Le Conseil Électoral Provisoire (CEP) semble vouloir jouer un rôle trouble dans la prolongation de la transition politique en Haïti. En transmettant, le 28 avril 2026, un budget électoral révisé contenant deux scénarios distincts, le CEP offre au Premier ministre de facto Alix Didier Fils-Aimé un outil parfait pour entretenir l’incertitude et retarder indéfiniment la tenue des élections.
Au lieu de présenter un budget unique, clair et réaliste assorti d’un calendrier ferme, le CEP propose deux options techniques et opérationnelles : un scénario minimaliste (à moindre coût et couverture réduite) et un scénario plus ambitieux (à couverture nationale renforcée).
Cela se traduit concrètement par deux budgets différents et, inévitablement, deux calendriers électoraux potentiels. Le gouvernement peut ainsi discuter, négocier, contester ou exiger des ajustements interminables sur les montants, le niveau de sécurisation, le nombre de centres de vote et le degré de technicité (biométrie ou non).
Scénario 1 : Minimaliste / optimisé / à couverture adaptée (« Low Cost »)
Ce scénario privilégie la réduction des coûts et la faisabilité immédiate. Il prévoit une couverture territoriale limitée aux zones relativement plus sécurisées, une sécurisation reposant essentiellement sur la PNH existante, une identification simplifiée des électeurs et une logistique allégée.
Implication sur le calendrier : Ce scénario permettrait théoriquement un scrutin plus rapide, avec un premier tour probable entre mai et juillet 2027.
Scénario 2 : Complet / ambitieux / à couverture nationale renforcée (« Full Standard »)
Ce scénario vise une organisation plus inclusive et conforme aux standards internationaux, avec une couverture territoriale étendue, une sécurisation renforcée (possible appui supplémentaire), une identification biométrique avancée et un plus grand nombre de centres de vote.
Implication sur le calendrier : Beaucoup plus exigeant en temps et en ressources, il repousserait le premier tour vers le second semestre 2027 (octobre à décembre 2027), avec un second tour et l’installation des nouvelles autorités reportés en 2028.

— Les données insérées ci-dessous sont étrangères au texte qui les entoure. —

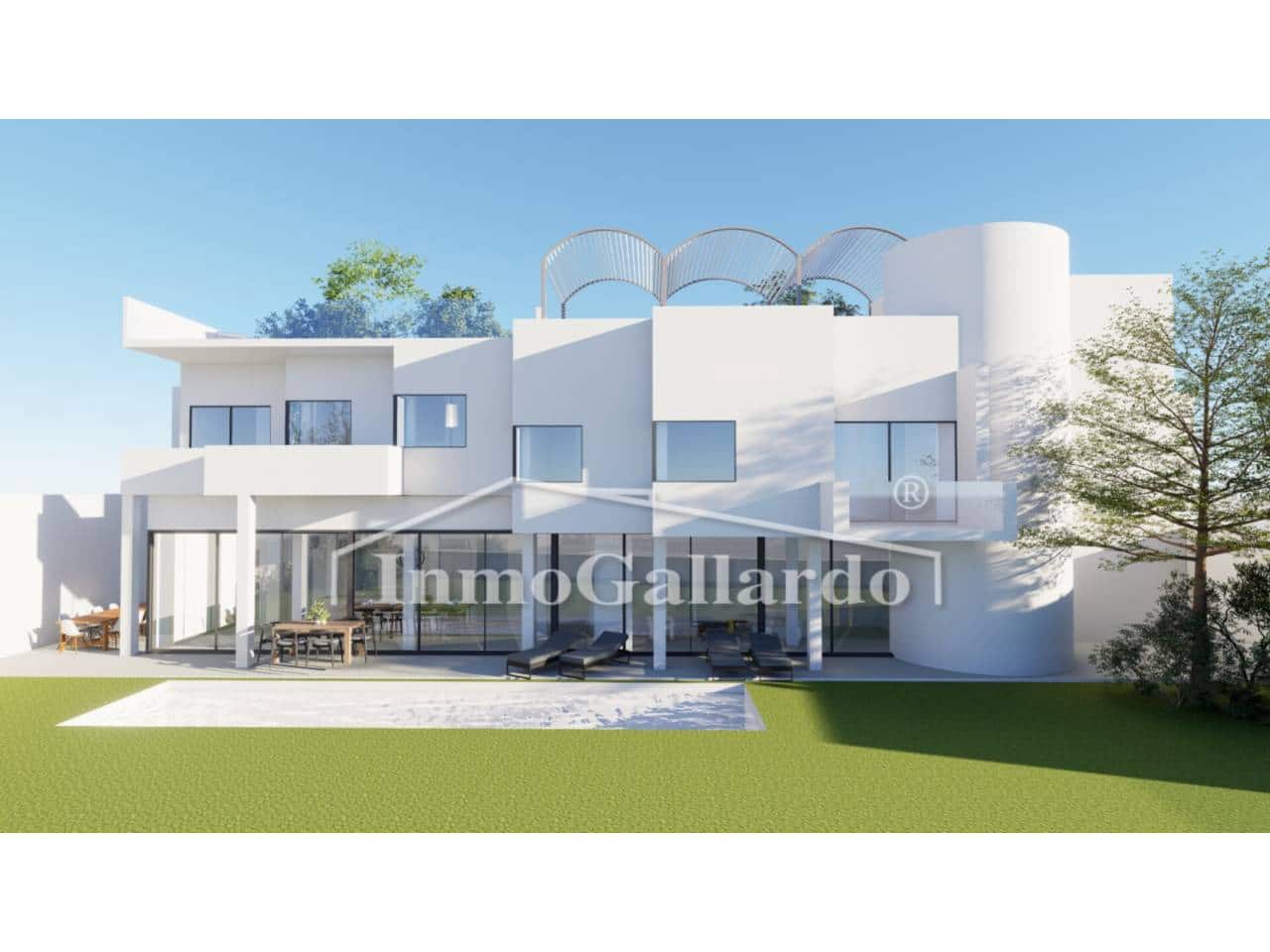 4 soverom Villa til salgs i Malaga by med svømmebasseng garasje - € 890 000 (Ref: 9239479)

Cette stratégie des « deux scénarios » apparaît comme une forme de complicité tacite. Le CEP, au lieu d’assumer pleinement sa responsabilité constitutionnelle d’organiser des élections dans les délais raisonnables, offre au Premier ministre Fils-Aimé un prétexte commode pour justifier les reports successifs.

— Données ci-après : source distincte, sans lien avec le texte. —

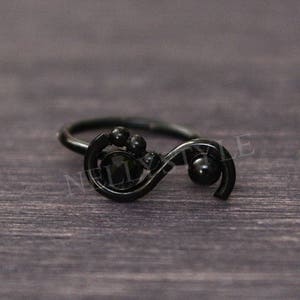 Nose Hoop Ring 20g - 316L surgical steel nose piercing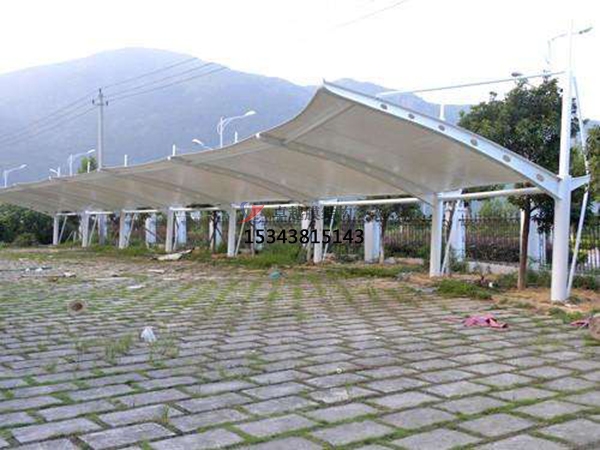 蒲縣膜結構停車棚【生產(chǎn)銷售】遮陽棚雨棚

Pendant que l’on débat interminablement du choix entre le scénario « low cost » et le scénario « full standard », le pays reste sans président élu, sans Parlement fonctionnel et sous la gestion d’un exécutif provisoire qui se maintient au pouvoir.
En multipliant les versions du budget, en harmonisant sans cesse le décret électoral au « Pacte national » et en remaniant continuellement le calendrier, le CEP contribue objectivement à créer un flou artistique qui arrange les acteurs de la transition.
Le résultat est clair : plus il y a de scénarios à discuter, plus le temps passe, et plus le statu quo se prolonge. La population haïtienne, elle, continue d’attendre des élections crédibles pendant que certains s’installent confortablement dans une transition sans fin.
Cette approche dilatoire risque de discréditer davantage les institutions chargées d’organiser le scrutin et de renforcer le sentiment que le CEP, loin d’être un arbitre impartial, participe activement au jeu de ceux qui n’ont aucun intérêt à voir la transition s’achever rapidement.
Au final, cette manœuvre des deux scénarios, deux budgets et deux calendriers révèle la véritable intention de la coalition Lavalas/PHTK et leurs alliés : garder le pouvoir le plus longtemps possible.
Derrière les discours sur la « rationalisation des dépenses » et les « contraintes sécuritaires », se cache une volonté cynique de prolonger indéfiniment cette transition juteuse où ils contrôlent l’État sans légitimité populaire réelle. Ils n’ont aucune urgence à organiser des élections sincères, car cela signifierait la fin de leur règne improvisé.
Le peuple haïtien est une fois de plus pris en otage par ces élites recyclées qui préfèrent maintenir le chaos et la misère plutôt que de risquer de perdre les privilèges du pouvoir. Assez de cette comédie !
Haïti mérite des élections rapides, transparentes et inclusives, pas une nouvelle farce orchestrée pour éterniser l’impunité et l’incompétence au sommet de l’État.